The court ruled that a new client must be told of all costs in the retention letter. A retainer agreement like the one used by the firm which merely directed a client to a different agreement did not suffice for this case. The firm argued that the contracts signed by the clients in this case actually incorporated the master agreement as well, thus they did comply with the rules the Court laid down.
The court was not receptive to this argument because of what contract incorporation requires. Incorporation of one document by reference into a contract is possible. However, inNew Jersey, the judges stated that incorporation by reference required explicit assent to the terms of the contract by both parties. In this case, the agreement signed by the clients did not specify that the master agreement controlled. It merely mentioned that the clients would be bound by the "standard billing practices and firm policies." The reference to standard policies was not specific enough to put the clients on notice that another agreement contained the terms of representation.

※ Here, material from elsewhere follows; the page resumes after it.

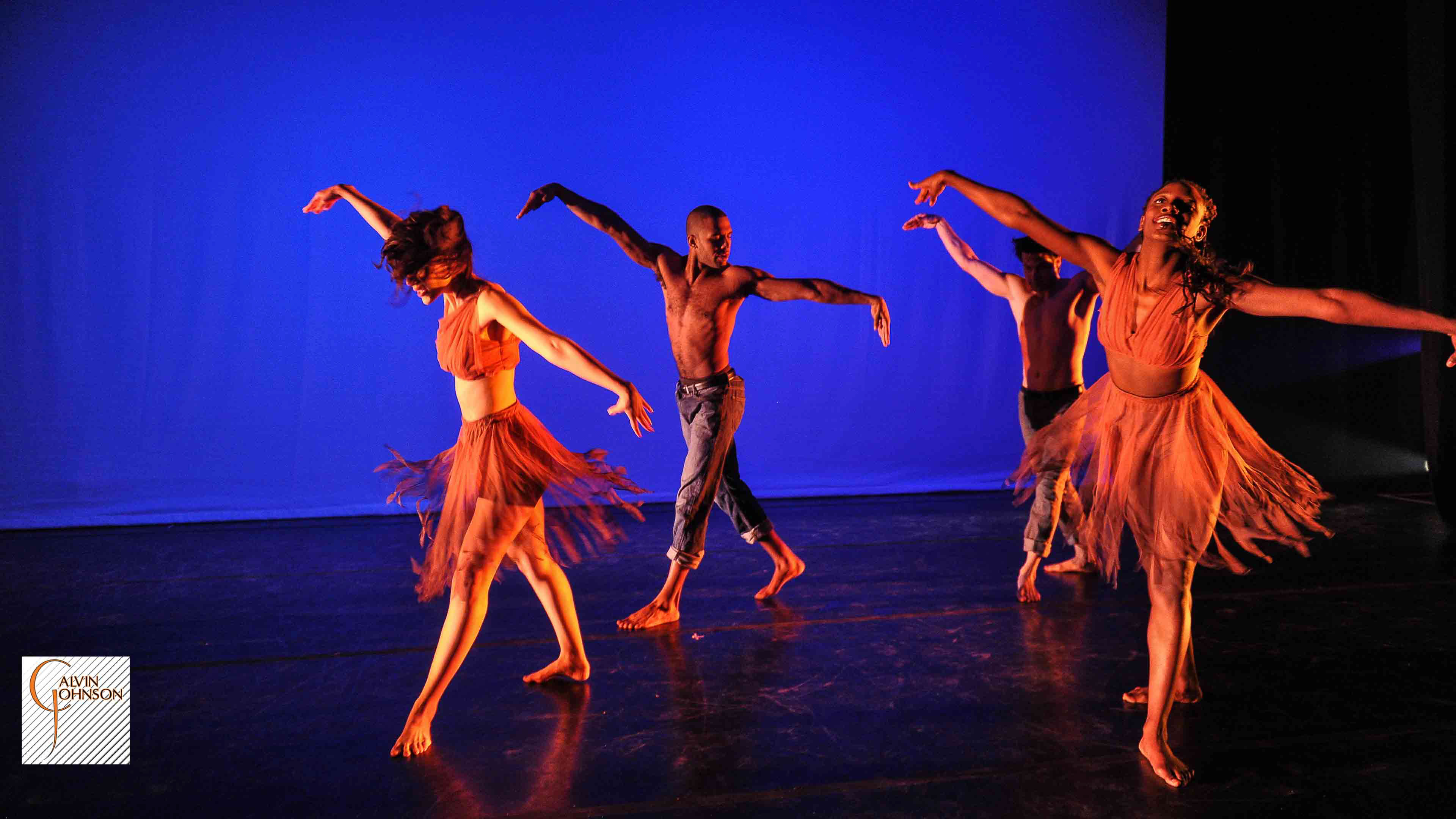 Dance performance at Carnegie Mellon University School of Drama were two couples find love and hapiness through sturggle.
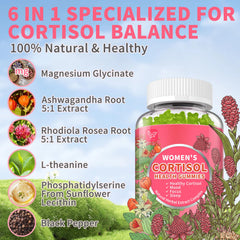 Hudetex Cortisol Gummies apple flavor close-up inviting daily use.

In fact, the clients did not see the document until fall, 2006. This necessitated finding against the incorporation argument by the firm.
Ultimately in issuing a decision regarding what charges the clients could be held accountable for, the court believed the firm could only point to one agreement as outlining fees. Thus, the agreement which explicitly set forth terms would supply the amount the firm could collect in this action. This necessitated striking much of the award.
This case is important because it shows that clients need to look at their bills, and attorneys can not act as other commercial actors. While in a practical sense, the attorney-client relationship may seem casual, the court here acknowledged, that regardless of the relationship at the beginning. An attorney always has an ethical responsibility. Whether it is to pursue a case zealously, or act as a fiduciary, the attorney-client relationship is one courts put a large amount of stock in.